\magnification=1200
\font\big=cmbx10 scaled\magstep2
\font\sc=cmcsc10
\font\ib=cmmib10
\font\tenmsym=msbm10
\font\eightmsym=msbm8
\font\teneufm=eufm10
\textfont 9=\tenmsym \scriptfont 9=\eightmsym 
\def\bb {\fam9 } 
\textfont 8=\teneufm \scriptfont 8=\teneufm 
\def\frak {\fam8 } 
 
\centerline{\big Matrix Vieta Theorem}\bigskip
 
\centerline{{\sc Dmitry FUCHS and Albert SCHWARZ}\footnote*{This work was 
partially supported by NSF grant DMS-9201366. Research at MSRI was supported 
by NSF grant DMS-9022140.}}
 
\centerline{Department of Mathematics}
 
\centerline{University of California}
 
\centerline{Davis Ca 95616, USA}\bigskip\bigskip
 
\centerline{\bf 1. Introduction}\medskip
 
Consider a matrix algebraic equation$$X^n+A_1X^{n-1}+\dots +A_n=0,\eqno(1)$$ 
where the coefficients $A_1,\dots ,A_n$ as well as solutions $X$ are supposed 
to be square complex matrices of some order $k$. For an usual algebraic 
equation of degree $n$ the classical Vieta formulas express the coefficients 
in terms of the $n$ solutions. However, a matrix degree $n$ equation 
generically has $\displaystyle{nk\choose k}$ rather  than $n$ solutions. 

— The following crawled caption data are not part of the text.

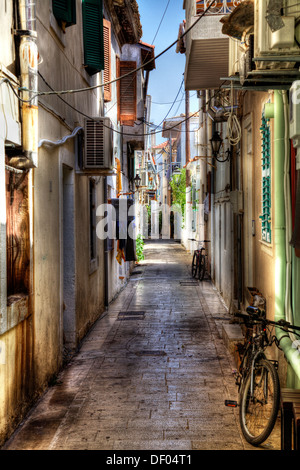 Des rues étroites ruelles ruelle allié de Lefkada Lefkas Ville île grecque La Grèce Banque D'Images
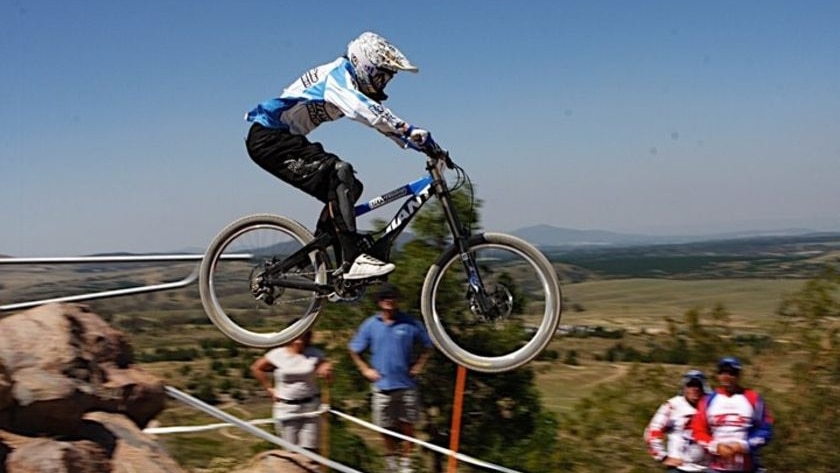 Part of the bike trail on Mount Stromlo in Canberra's west will close after testing confirmed the presence of bonded asbestos.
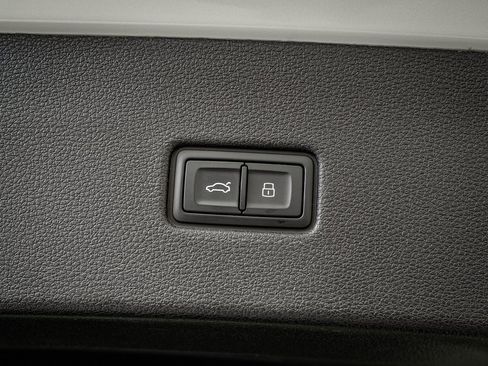 Used 2023 Audi SQ8 Prestige image 23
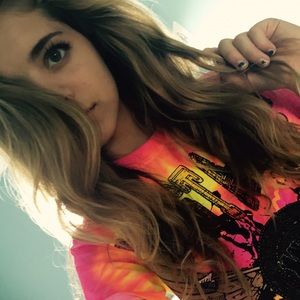 Meet your Posher, Camille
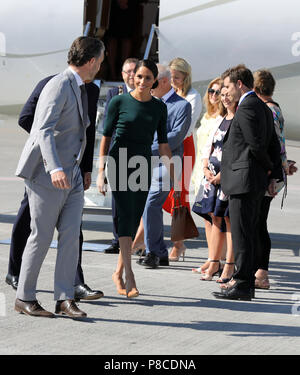 Dublin, Irlande. 10 juillet, 2018. Visite en Irlande par le duc et la duchesse de Cambridge. Le prince Harry avec son épouse Américaine, actrice de télévision convient Meghan Markle Etre accueilli par VIP's en arrivant à l'aéroport de Dublin. C'est leur première visite officielle en Irlande. Ses leur premier voyage ensemble étrangers puisqu'ils se sont mariés en mai. Photo : Eamonn Farrell/RollingNews RollingNews.ie : Crédit.ie/Alamy Live News Banque D'Images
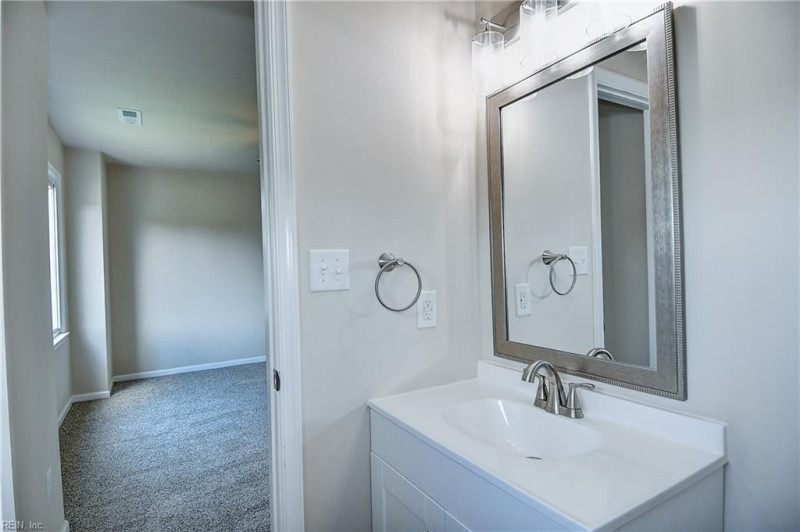 Photo 35 of 41 residential for sale in Virginia Beach virginia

(Throughout this article the word {\it generic} refers to a Zariski open set.) 
 
We call $n$ solutions $X_1,\dots ,X_n$ of the equation (1) {\it independent} 
if they determine the coefficients $A_1,\dots ,A_n$ (a more technical 
explanation of independence see in Section 2). However, the expressions of 
$A_1,\dots ,A_n$ in terms of $X_1,\dots ,X_n$ are much less elegant, than 
Vieta formulas (see, e.g. formulas (3) -- (5) below). Still there are some 
relations between $A$'s and $X$'s which are very similar to Vieta.\smallskip 
 
{\sc Theorem} 1.1. {\it If solutions $X_1,\dots ,X_n$ of the equation $(1)$ 
are independent, then$$\eqalign{{\rm tr}\, A_1&=-({\rm tr}\, X_1+\dots +{\rm 
tr}\, X_n),\cr {\rm det}\, A_n&=(-1)^{nk}{\rm det}\, X_1\ldots{\rm det}\, 
X_n.\cr}\eqno(2)$$}\smallskip 
 
Theorem 1.1 is proved in Section 4 (a more direct proof for $n=2$ is given in 
Section 3). In Section 5 we discuss a generalization of Theorem 1.1 from 
complex matrix algebras to arbitrary associative unitary rings.\smallskip 
 
Theorem 1.1 is elementary, however it is connected with some constructions of 
modern Mathematics. For every associative algebra $A$ one can construct a 
linear space $F(A)=A^2/[A,A]$. This space appeared in [K] as the space of 0-
forms on a non-commutative formal manifold. (Such a manifold is determined by 
a free associative algebra $A$. For the free associative algebra $A$ with 
generators $a_1,\ldots ,a_n$ the space $F(A)$ is spanned by cyclic words of 
length $\ge2$ with letters $a_1,\ldots a_n$.) The space $F(A)$ appeared also 
in [GS] and [AW] in relation to other problems. It is easy to understand that 
the formula for ${\rm tr}\, A_1$ can be interpreted as a non-trivial identity 
in $F(A)$.\hfill\eject 
 
\centerline{\bf 2. Independent matrices.}\medskip
 
{\sc Definition} 2.1. Matrices $X_1,\dots ,X_n$ are called {\it independent} 
if the bloc Vandermonde determinant is not zero:$$\left|\matrix{I&I&\dots&I\cr 
X_1&X_2&\dots&X_n\cr \multispan4\quad$\cdots\cdots\cdots\cdots 
\cdots\cdots\cdots$\cr X_1^{n-1}&X_2^{n-1}&\dots&X_n^{n-1}}\right|\ne0.$$ 
 
For $n=2$ the independence condition means that ${\rm det}\, (X_1-X_2)\ne0$. 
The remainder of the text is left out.